## How to complete this task:
Below are entries; repeat exactly, and nothing else, the lines from the one holding "2027年の共通凶方位。北が五黄殺、南が暗剣殺、北北東が歳破" through the one holding "ΑΝΔΡΙΚΗ ΖΑΚΕΤΑ CARDIGAN", inclusive. Leave the pictures out.

[Source records]
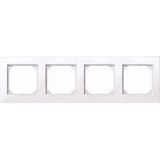 Merten M-PLAN Rahmen vierfach für Senkrecht- und Waagerechtmontage, glänzend, antibakteriell weiß (glänzend), Retail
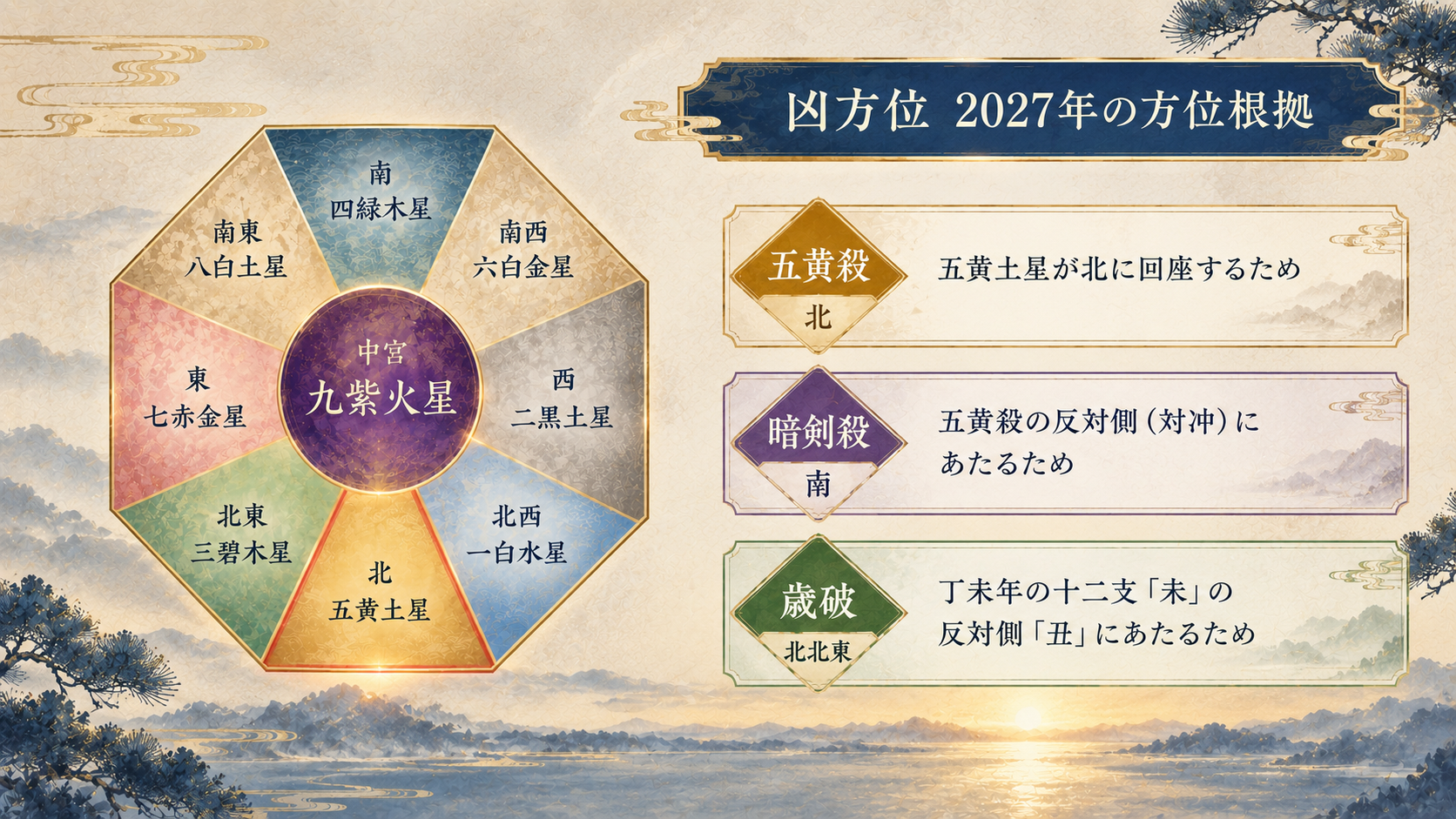 2027年の共通凶方位。北が五黄殺、南が暗剣殺、北北東が歳破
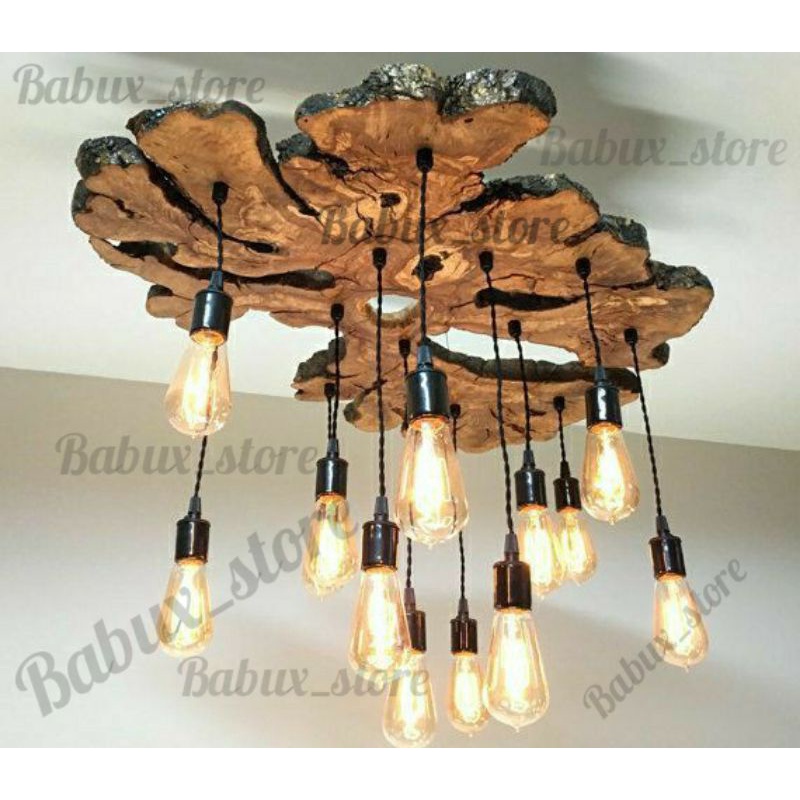 Lampu hias ruang tamu mewah/dari Potongan kayu jati besar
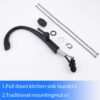 High Arc Stainless Steel Pull Out Kitchen Faucet With Dual Modes And 360 Degree Rotation - Matte Black - Image 5
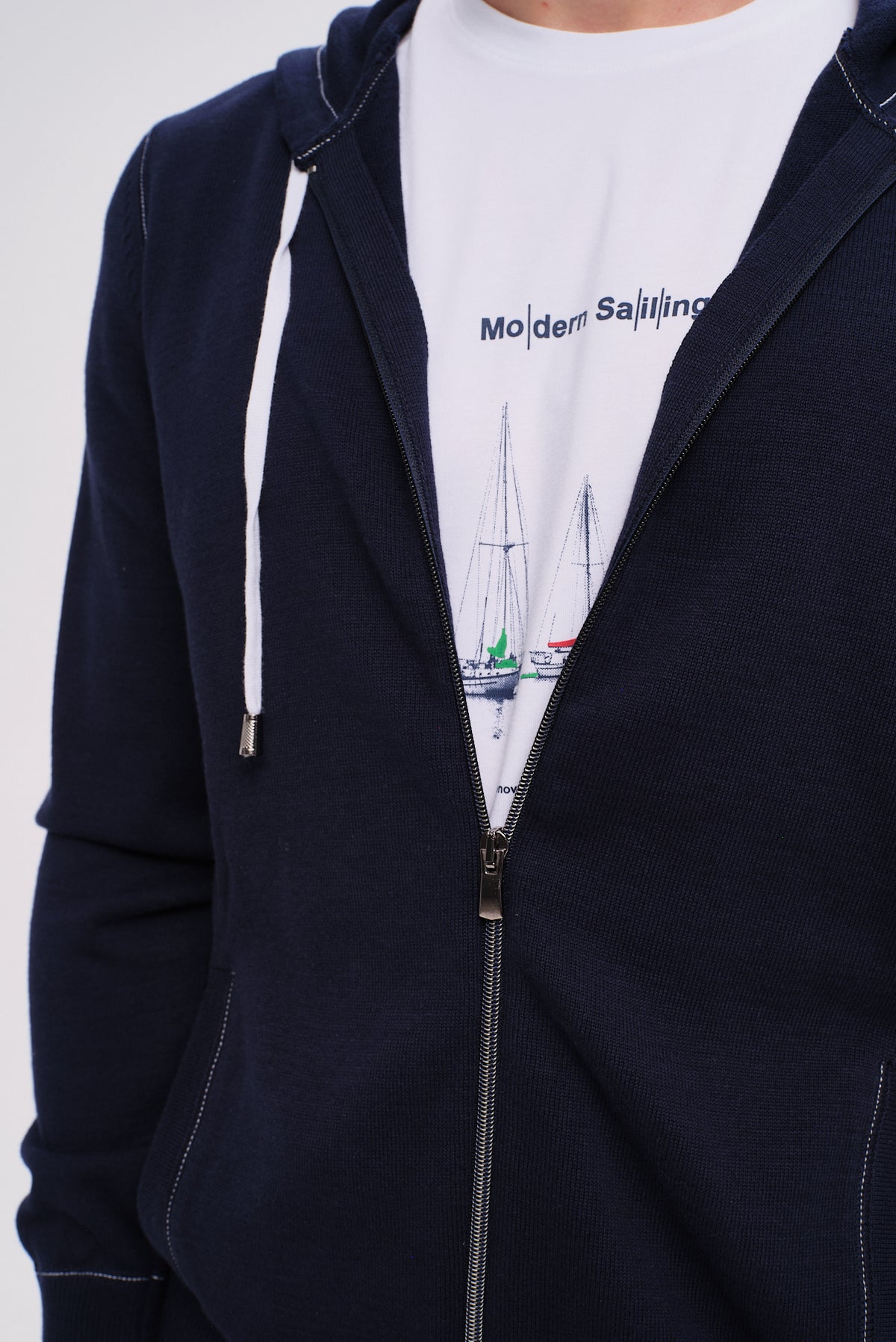 ΑΝΔΡΙΚΗ ΖΑΚΕΤΑ CARDIGAN PORTOBELLO'S ΣΕ ΜΠΛΕ NAVY ΧΡΩΜΑ ΜΕ ΚΟΥΚΟΥΛΑ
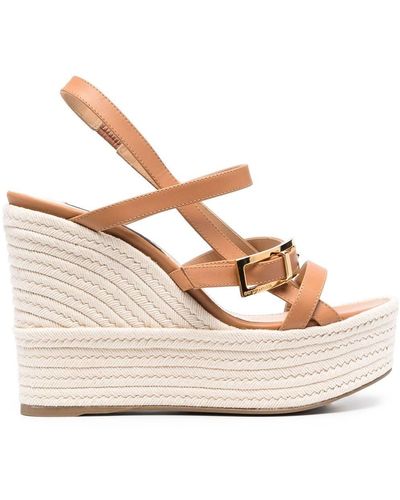 Sergio Rossi Nora Sandalen Met Sleehak - Naturel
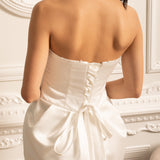 Dantelli Göğüs Detaylı Straplez Midi Elbise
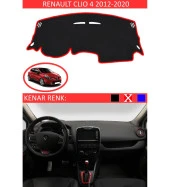 Renault Clio 4 2012-2020 İçin Uygun Torpido Koruma Halısı Siyah Kenar Renk Kırmızı - 1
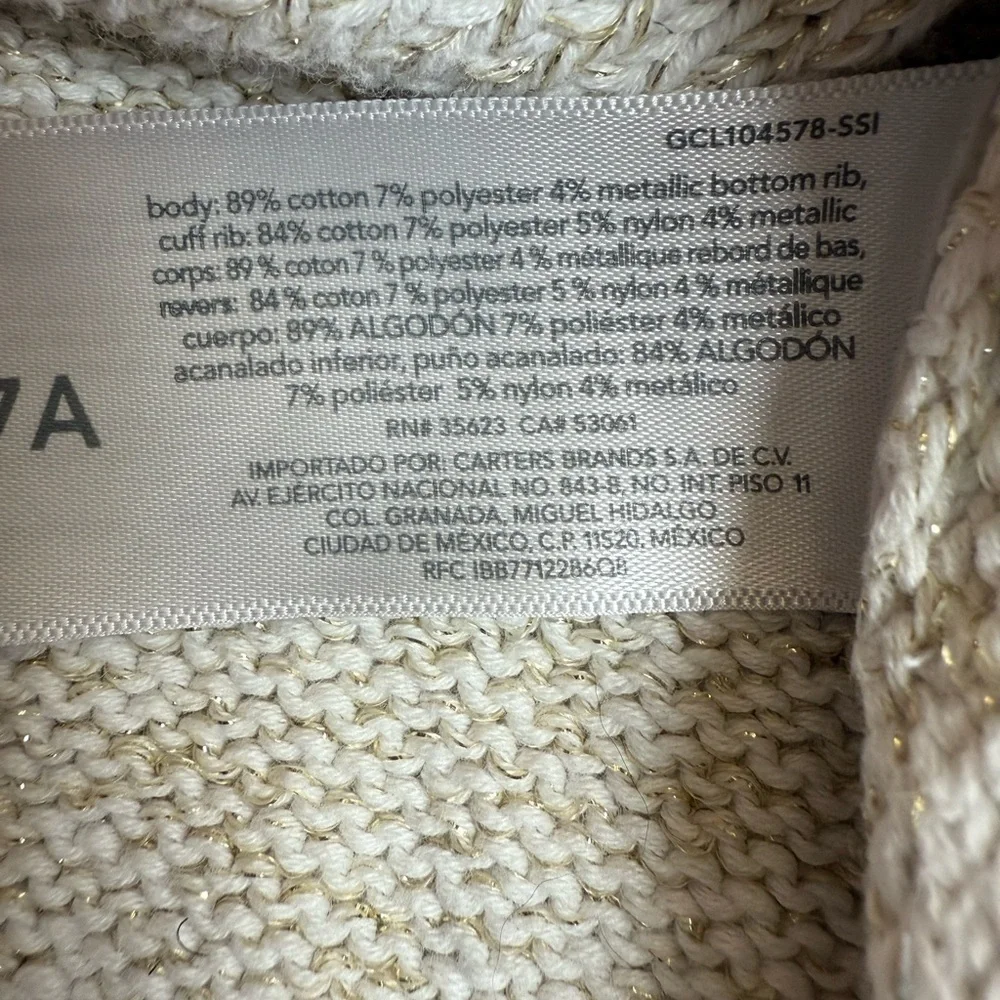 OshKosh B'gosh Beige Knotted Crop Sweater with Shimmer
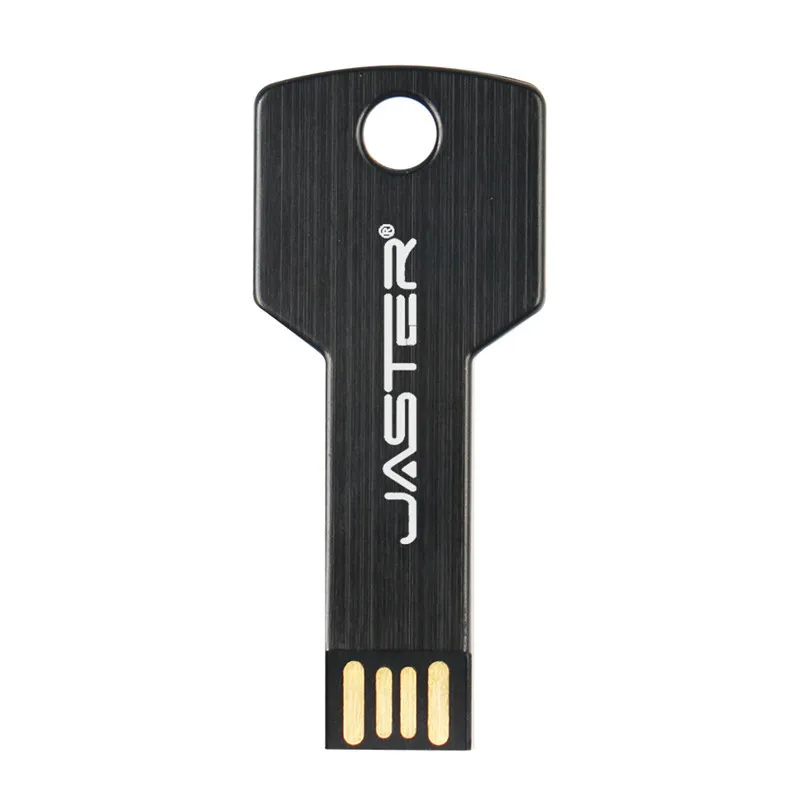 JASTER Металлический Ключ форма USB флэш-накопитель карта памяти брелок Флешка 4 ГБ 8 ГБ 16 ГБ 32 ГБ 64 ГБ U диск подарок(более 10 шт. бесплатный логотип - Цвет: Black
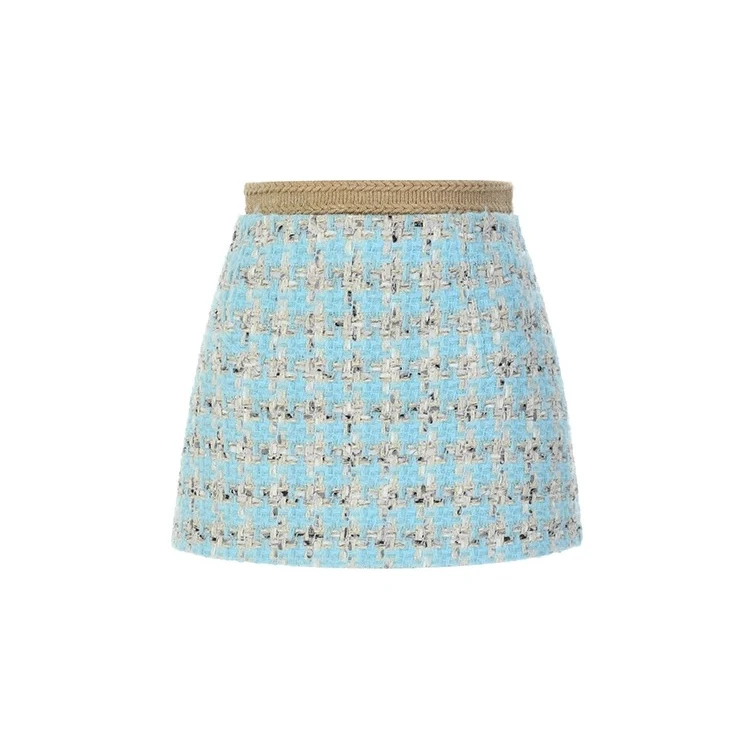 LeFame/拉飞姆LeFame/拉飞姆24冬蓝白格半裙小香风LF24D41SS126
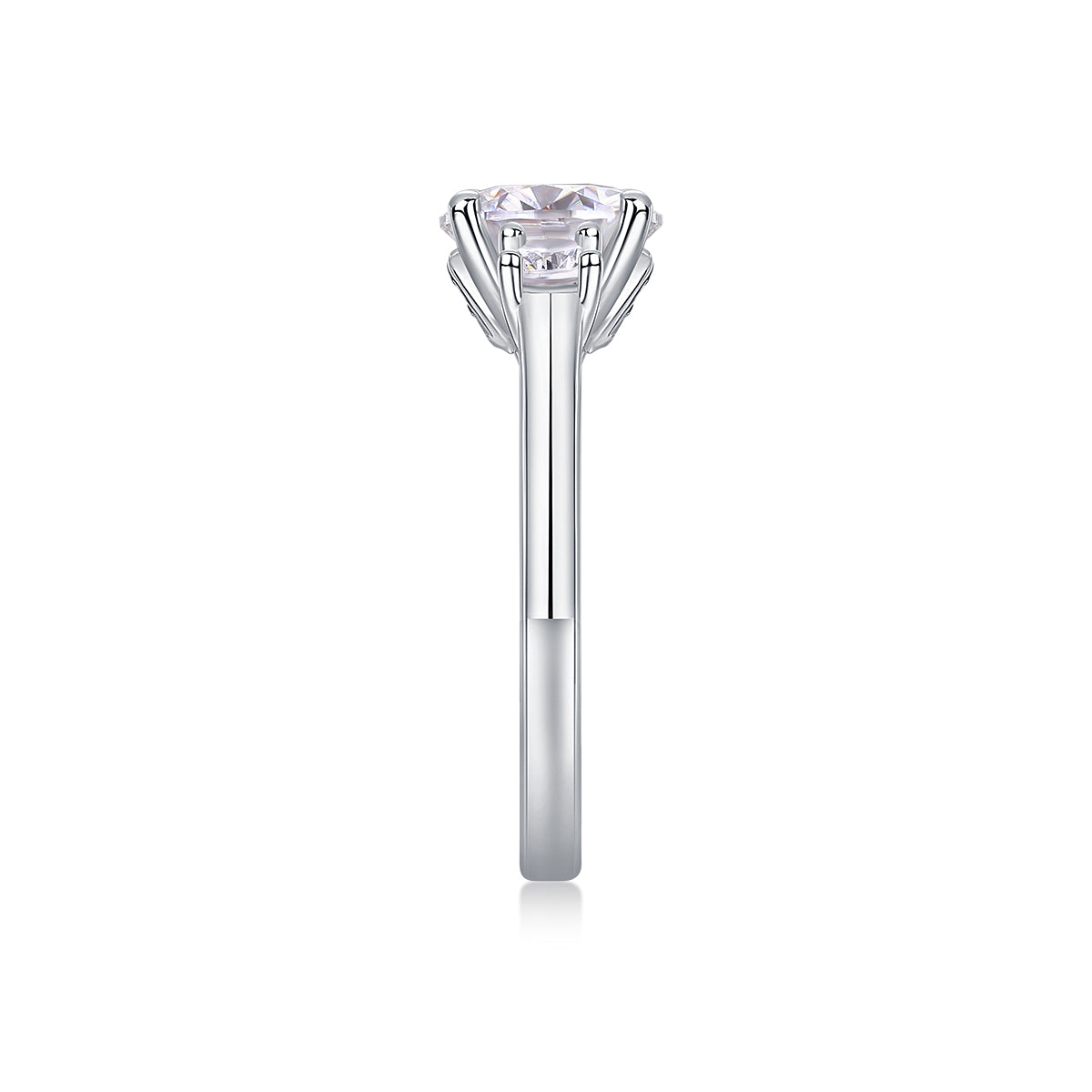 Halo Moissanite Solitaire Ring in S925 Sterling Silver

## Result below:
 2027年の共通凶方位。北が五黄殺、南が暗剣殺、北北東が歳破
 Lampu hias ruang tamu mewah/dari Potongan kayu jati besar
 High Arc Stainless Steel Pull Out Kitchen Faucet With Dual Modes And 360 Degree Rotation - Matte Black - Image 5
 ΑΝΔΡΙΚΗ ΖΑΚΕΤΑ CARDIGAN PORTOBELLO'S ΣΕ ΜΠΛΕ NAVY ΧΡΩΜΑ ΜΕ ΚΟΥΚΟΥΛΑ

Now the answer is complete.